Hillary and Australia
15 Apr 2015|

Foreign Minister Bob Carr meets US Secretary of State Hillary Clinton on her arrival in Perth.In between steaming bowls of organic steel-cut oats and workouts deploying the one-legged Romanian deadlift, supple Bob Carr’s Diary of a Foreign Minister heaps praise on Hillary Clinton, ‘a world-historical figure’ for her energy, sharpness and tough campaigning skills. At their first meeting Carr frets about his ‘threadbare credentials’ while Hillary delivers a lesson in savvy statecraft: urging him not to accept Australian media reporting that the US marine deployment to Darwin is an ‘anti-China one.’ Hillary says ‘the Chinese practice gamesmanship in seeking advantage, but we would not let that change our own national interest.’

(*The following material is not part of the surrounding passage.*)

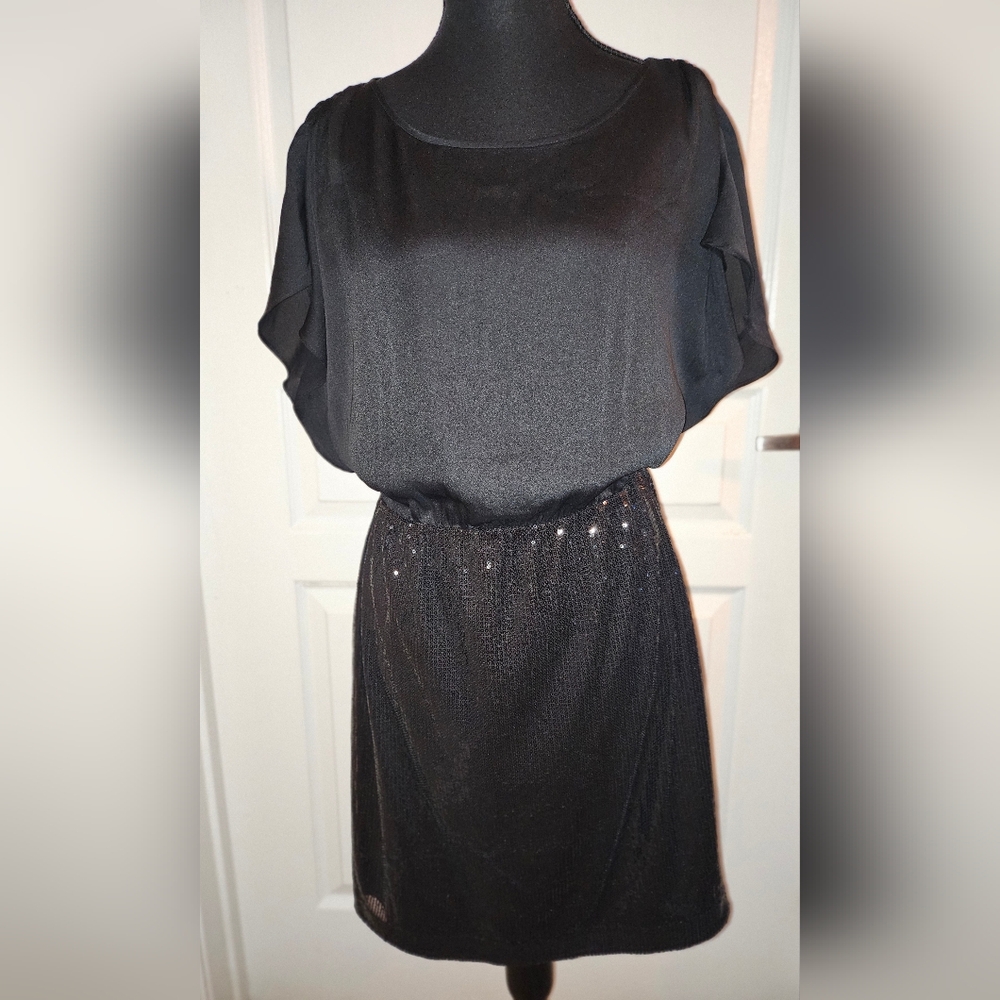 Black Sequin Mini Cocktail Dress with Dolman Sleeves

What a pity Carr didn’t follow this advice. In much of his diaries he worries about Australian defence cooperation with the US. ‘How does that get read in the Chinese embassy?’ he asks. When Carr meets Clinton for the 2012 AUSMIN meeting in Perth, he proudly goes out of his way to have ‘speed limits placed on the move towards a greater US military presence in Australia.’ Kim Beazley warns from Washington: ‘There is a hint that the Americans feel our strategic vision is being distorted by sensitivity to Chinese pressure on our political system.’

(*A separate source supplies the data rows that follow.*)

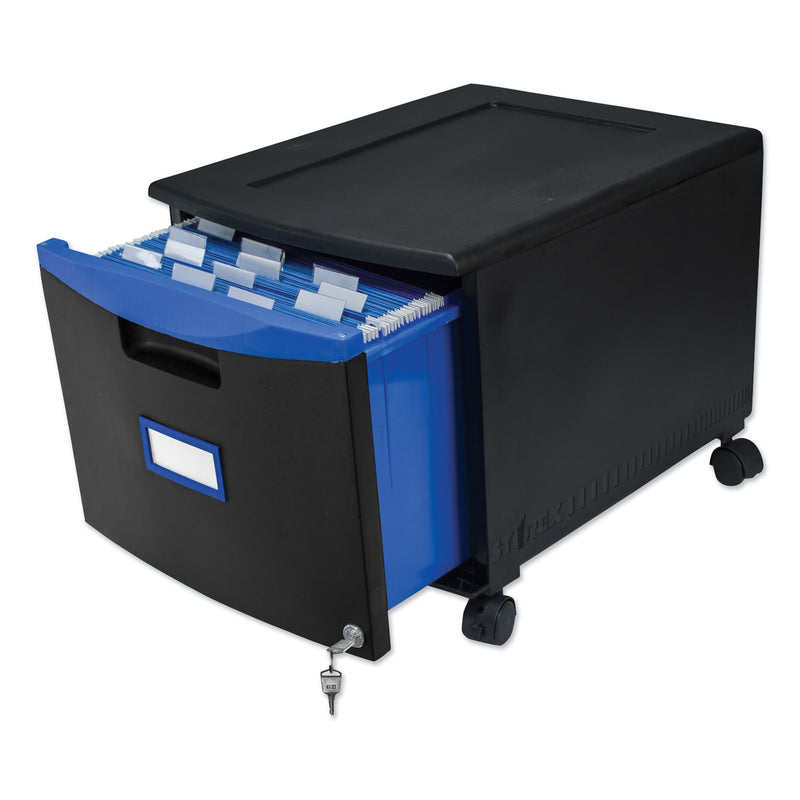 Storex Single-Drawer Mobile Filing Cabinet, 1 Legal/Letter-Size File Drawer, Black/Blue, 14.75" x 18.25" x 12.75"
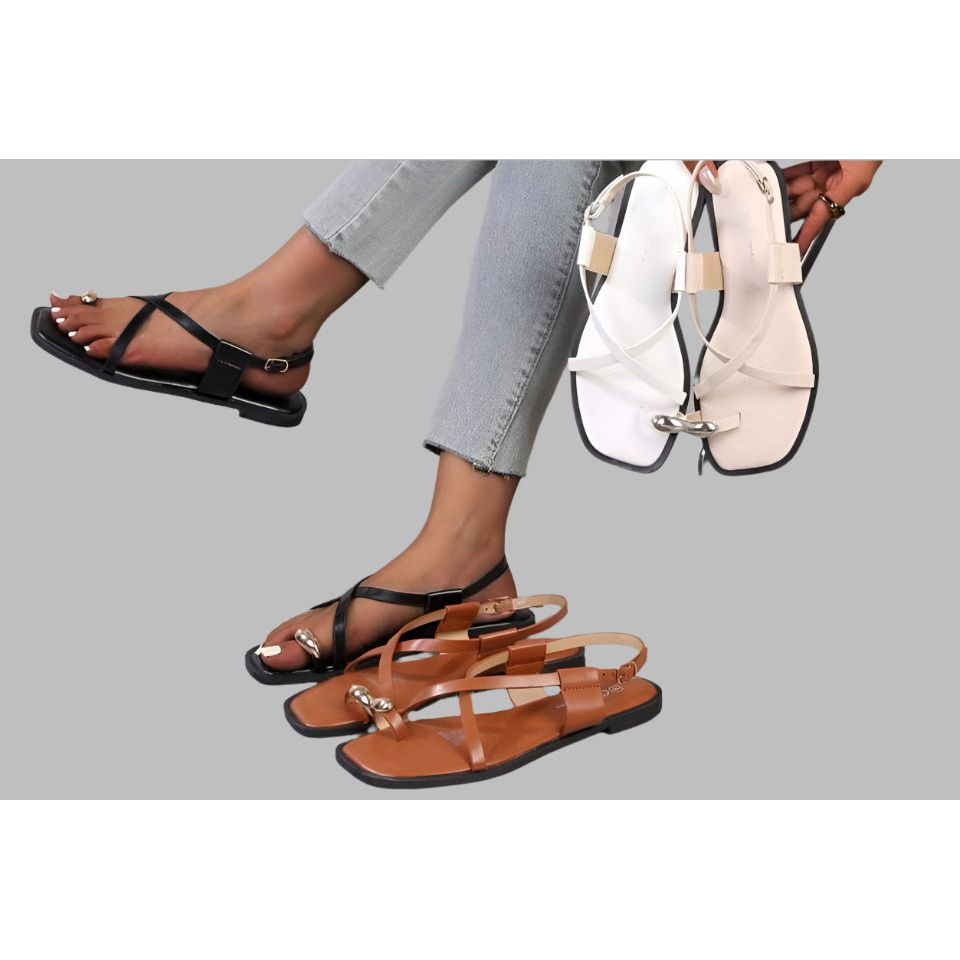 Women's Strappy Flat Slide Golden Toe String Sandals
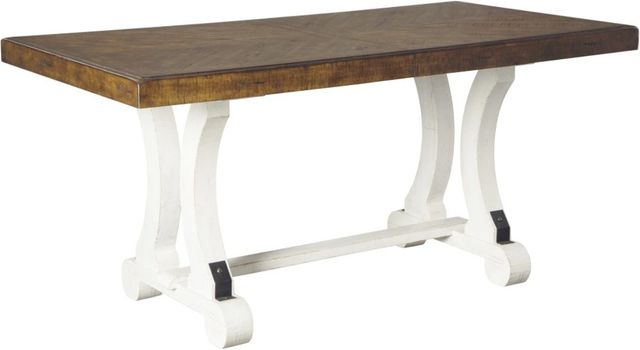 Signature Design by Ashley® Valebeck Brown Dining with White Trestle Legs-0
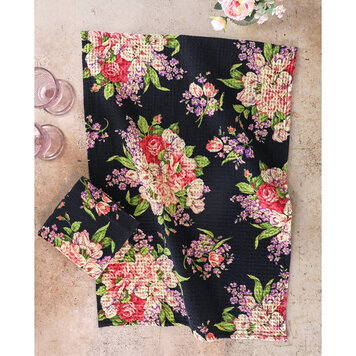 April Cornell Blanche Black Dishtowel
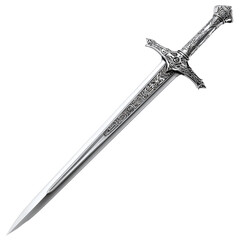 Ornate medieval sword 3d rendered isolated on transparent background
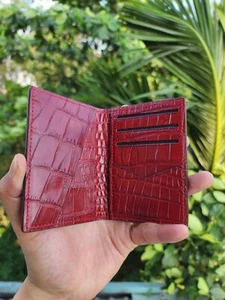 Red Genuine 100% Doubleside EXOTIC Leather Skin Men's Card Holder,Wallet - Picture 1 of 9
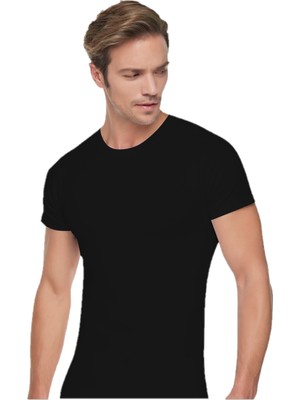 Tutku Erkek Siyah Penye Atlet 6'lı Paket %100 Pamuklu Yarım Kollu Rahat Kesim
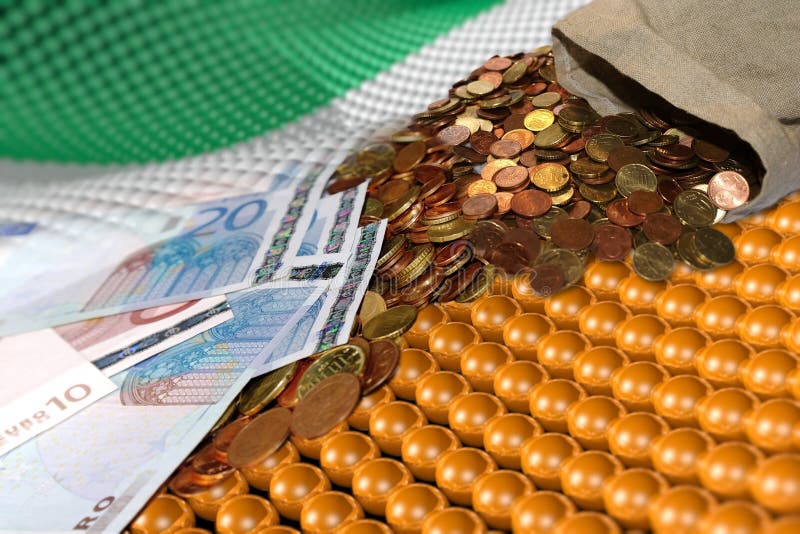 A bag of money for Ireland stock image. Image of ireland 17367541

Bob Carr had a tin ear for alliance dynamics, but his description of Hillary at AUSMIN is wonderful:

‘She stepped off her big plane, eyes hidden behind large-framed oval sunglasses, her hair pulled back, an outsize light blue jacket and black slacks. She knew all our names, she didn’t complain about the fatigue, she said she was delighted to be here. For God’s sake, we’ve made her travel for thirty-five hours to reach Perth to give Stephen Smith another triumph for his home town – and even with touchdowns in Hawaii and Guam she projected freshness and charm.’

Hillary’s interest in Asia and engagement with Australia contrasts sharply with her successor at the State Department. Beazley wrote to Carr in February 2013: ‘[John Kerry] has been largely inaccessible to us. …unlike the situation with Clinton, Australia does not rank highly. Kerry wants big achievements. Erroneously Asia is not perceived as the locus of big achievements.’

Beazley’s view was spot on. Subsequent AUSMINs have been wooden affairs. Kerry has sought his own world-historical status in the Middle East largely by boosting Iran, ignoring Iraq and annoying Israel—an unusual American recipe. President Obama’s second-term engagement with Australia has been limited. In November last year Obama bypassed talks in Canberra preferring to lecture star-struck students in Brisbane about climate change and repeating the same jokes about Australian accents that he used on his 2011 visit. Of course, the Americans love us: in 2013 Obama told Abbott in Washington, ‘Aussies know how to fight. I like to have them in a foxhole when we are in trouble.’ But foxholes are cold places not designed for warm relationships.

Clinton has a long journey to reach the White House and she may not win the presidency if the Republicans field a credible candidate. But if she succeeds, it’s likely that US–Australia relations would warm and that the US would put yet more emphasis on the Asia–Pacific. It’s possible (Bob Carr certainly thinks so) that Clinton would make her close allies Kurt Campbell Secretary of State and Michèle Flournoy Secretary of Defence. In Obama’s first term Campbell and Flournoy were the architects of the pivot to Asia and the enhanced program of defence cooperation with Australia. This would be a formidable trio that knows Australia well and values the role we play in global security.

Clinton will look for ways to distance herself from Obama’s legacy. She will presumably concentrate on domestic affairs because that will determine the election. On foreign policy she will likely reposition the Democrats into a more traditional mode of engagement and supporting key allies. Her biggest immediate security challenge will be to shape a coherent response to instability in the Middle East. As a key defence adviser to the Hillary campaign its notable that Michèle Flournoy has been calling for increased defence spending and for more efforts to reassure Asian allies of US commitment to regional security.

Clinton offered some rather shrewd advice to Australia in mid-2014. According to journalist Paul McGeough:

‘Interviewed for Fairfax Media’s Good Weekend on the launch of her memoir Hard Choices, Clinton warned that the Abbott government’s drive for even more trade with China ‘makes you dependent, to an extent that can undermine your freedom of movement and your sovereignty, economic and political.’ … It’s a mistake whether you’re a country, or a company or an individual to put, as we say in the vernacular, all your eggs in the one basket. Just as it was a mistake for Europe to become so dependent on a single supplier. Starting in March 2009, I made that case to the Europeans, that they were increasingly dependent on gas from Russia.’’

If Hillary becomes President there will be a sharper US interest in the direction of our own foreign policy. The price of closer US engagement will be higher American expectations of Australia. That would be a welcome discipline.